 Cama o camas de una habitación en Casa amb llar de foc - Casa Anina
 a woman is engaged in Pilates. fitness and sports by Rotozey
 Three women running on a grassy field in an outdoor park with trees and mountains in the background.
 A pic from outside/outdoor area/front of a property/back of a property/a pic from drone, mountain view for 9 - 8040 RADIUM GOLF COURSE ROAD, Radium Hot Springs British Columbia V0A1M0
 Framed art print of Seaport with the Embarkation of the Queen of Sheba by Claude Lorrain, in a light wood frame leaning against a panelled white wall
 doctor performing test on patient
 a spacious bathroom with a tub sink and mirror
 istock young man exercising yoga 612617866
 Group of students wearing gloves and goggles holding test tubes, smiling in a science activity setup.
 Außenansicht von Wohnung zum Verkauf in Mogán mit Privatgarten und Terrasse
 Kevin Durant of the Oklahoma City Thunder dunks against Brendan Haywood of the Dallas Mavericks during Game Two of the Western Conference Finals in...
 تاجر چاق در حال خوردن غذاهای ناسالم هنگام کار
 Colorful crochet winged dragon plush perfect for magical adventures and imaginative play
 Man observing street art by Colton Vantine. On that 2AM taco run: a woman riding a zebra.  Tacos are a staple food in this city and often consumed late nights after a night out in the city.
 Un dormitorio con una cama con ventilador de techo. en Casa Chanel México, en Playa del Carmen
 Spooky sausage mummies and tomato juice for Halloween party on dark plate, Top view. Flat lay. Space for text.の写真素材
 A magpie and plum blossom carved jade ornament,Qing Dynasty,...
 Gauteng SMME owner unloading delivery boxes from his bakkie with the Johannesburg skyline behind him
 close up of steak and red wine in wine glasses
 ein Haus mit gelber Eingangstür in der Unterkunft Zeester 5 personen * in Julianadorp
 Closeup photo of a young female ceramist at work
____
▶ [Task prompt]
Using the same words as the original, repeat the records above.

▶ [Task output]
 Cama o camas de una habitación en Casa amb llar de foc - Casa Anina
 a woman is engaged in Pilates. fitness and sports by Rotozey
 Three women running on a grassy field in an outdoor park with trees and mountains in the background.
 A pic from outside/outdoor area/front of a property/back of a property/a pic from drone, mountain view for 9 - 8040 RADIUM GOLF COURSE ROAD, Radium Hot Springs British Columbia V0A1M0
 Framed art print of Seaport with the Embarkation of the Queen of Sheba by Claude Lorrain, in a light wood frame leaning against a panelled white wall
 doctor performing test on patient
 a spacious bathroom with a tub sink and mirror
 istock young man exercising yoga 612617866
 Group of students wearing gloves and goggles holding test tubes, smiling in a science activity setup.
 Außenansicht von Wohnung zum Verkauf in Mogán mit Privatgarten und Terrasse
 Kevin Durant of the Oklahoma City Thunder dunks against Brendan Haywood of the Dallas Mavericks during Game Two of the Western Conference Finals in...
 تاجر چاق در حال خوردن غذاهای ناسالم هنگام کار
 Colorful crochet winged dragon plush perfect for magical adventures and imaginative play
 Man observing street art by Colton Vantine. On that 2AM taco run: a woman riding a zebra.  Tacos are a staple food in this city and often consumed late nights after a night out in the city.
 Un dormitorio con una cama con ventilador de techo. en Casa Chanel México, en Playa del Carmen
 Spooky sausage mummies and tomato juice for Halloween party on dark plate, Top view. Flat lay. Space for text.の写真素材
 A magpie and plum blossom carved jade ornament,Qing Dynasty,...
 Gauteng SMME owner unloading delivery boxes from his bakkie with the Johannesburg skyline behind him
 close up of steak and red wine in wine glasses
 ein Haus mit gelber Eingangstür in der Unterkunft Zeester 5 personen * in Julianadorp
 Closeup photo of a young female ceramist at work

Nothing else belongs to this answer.